If you query the Attribute ‘Table’ with imeta ls -d hello_world.txt Title you get:

AVUs defined for dataObj hello_world.txt:
attribute: Title
value: Archive of experimental szstem from 'Mon Aug 19 11:39:48 CEST 2019'
units:

Adjusting Meta Data

In the example we deliberately made an error (you might have noticed). You can correct such glitches with the general syntax:

imeta mod -d <filename> <attribute> <old value> v:<new value>

or in our example:

imeta mod -d hello_world.txt Title "Archive of experimental szstem from 'Mon Aug 19 11:39:48 CEST 2019'" v:"Archive of experimental system from 'Mon Aug 19 11:39:48 CEST 2019'"

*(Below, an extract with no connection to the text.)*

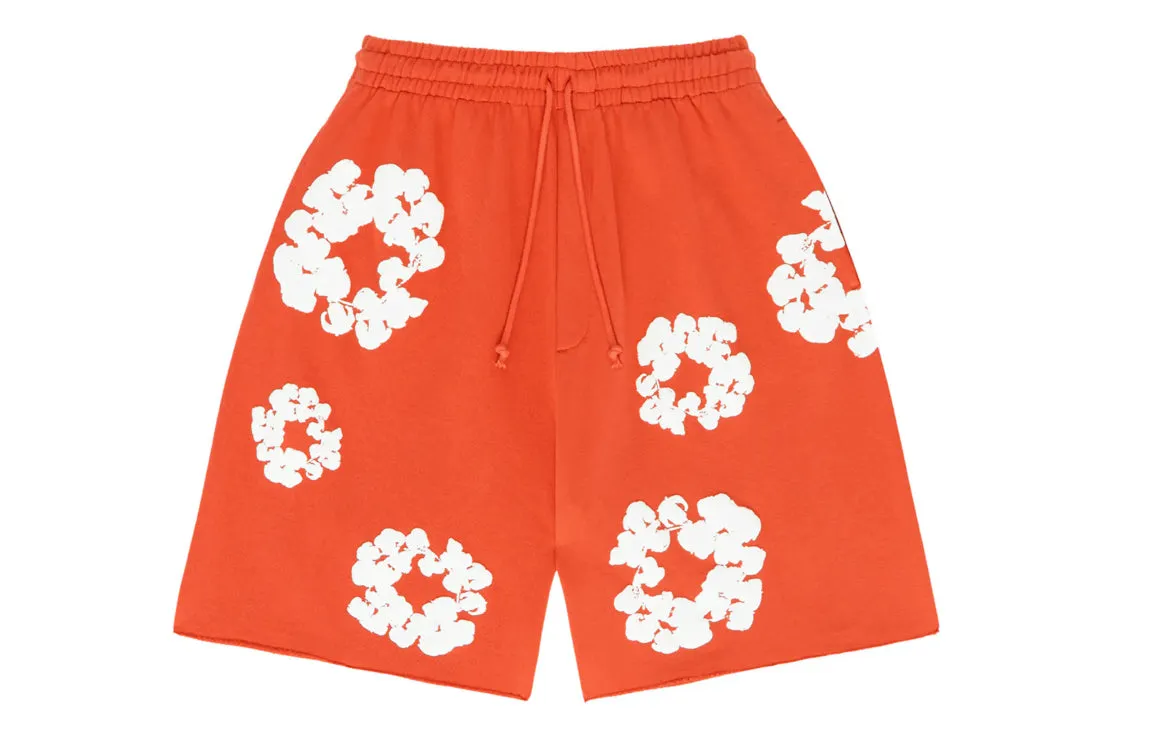 Denim tears the cotton wreath shorts orange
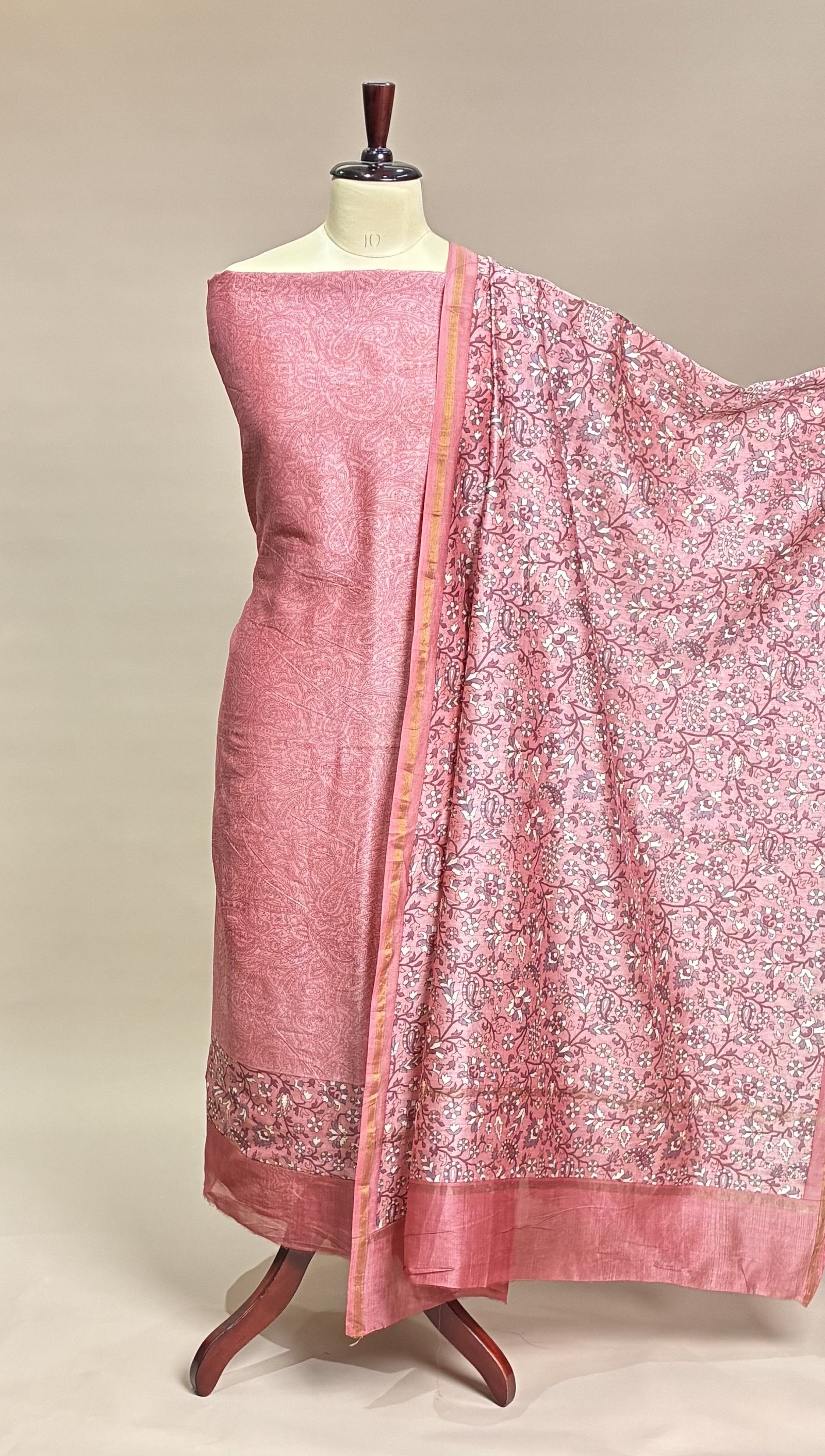Maheshwari Suit Piece - Rose Pink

For further details see man imeta.

Minimum set of Attributes

Some meta data attributes are set automatically, to meet most meta data minimum standards (see our policies), those are:

Set automatically:
- Creator full user name
- Publisher “Johannes Gutenberg-University”
- Location “Mainz, Germany”
- Date Unix timestamp
- ExpiryDate Date + 10 years
- protected (default: “false”)
User input required:
- Title free text
- Description text
- Type audio, data set, image, source code, …
- Format simply the file format (e.g. output from file command)
- AccessRights “closed”, “restricted”, “embargoed”, “open” (default: “closed”)
  - AccessConditions if AccessRights is “resticted” (not yet)
  - EmbargoDate if AccessRights is “embargoed” (not yet)

Write Protection

There is one attribute, which should be used with caution: protected (which default value is ‘false’). If the attribute protected with the value true is set (case sensitive!) or modified to true, the user cannot delete/overwrite the object and most of the metadata attributes any more. This is for the case, if data integrity needs to be ensured, that p.e. after a publication the data cannot be changed any more. Nevertheless, additional metadata attributes can still be edited.

If the dataset should be FAIR (Findable, Accessible, Interaperable, Reusable), these attributes are also mandatory:

AccessRights must not be “closed”
Identifier (provided by ZDV/UB, only if attribute “protected” is set; not yet)
License The license for reuse. Recommended: GPL for code, CC0 for data sets, otherwise CC-BY
Keywords any keywords

Additional Recommended Attributes

ORCID Open Researcher Contributor Identification Initiative
Contributor co-authors
Reference publication references

Further fields can be inserted. This depends on the scientific field and is the responsibility of the respective researcher or group.

general
subject specific
- Digital Curation Centre

Handling Metadata with Schema Support

Aside of the iRODS commands for editing metadata, contemporary scientific datamanagement adapts more and more data schemas to annotate data sets of various kinds. We therefore provide a helper script.

Searching

for filenames: `ilocate`


[user@login01 ~]$ ilocate -t "hello_world.txt"
/zdv/home/user/hello_world.txt
/zdv/home/public/hello_world.txt

for metadata: `imeta qu`

You must know, if you want to search for a data object (-d) or a collection (-C). And you can use SQL wildcards (%), if you don’t know the exact pattern you are looking for. The wildcard pattern matching is also applicable for ilocate.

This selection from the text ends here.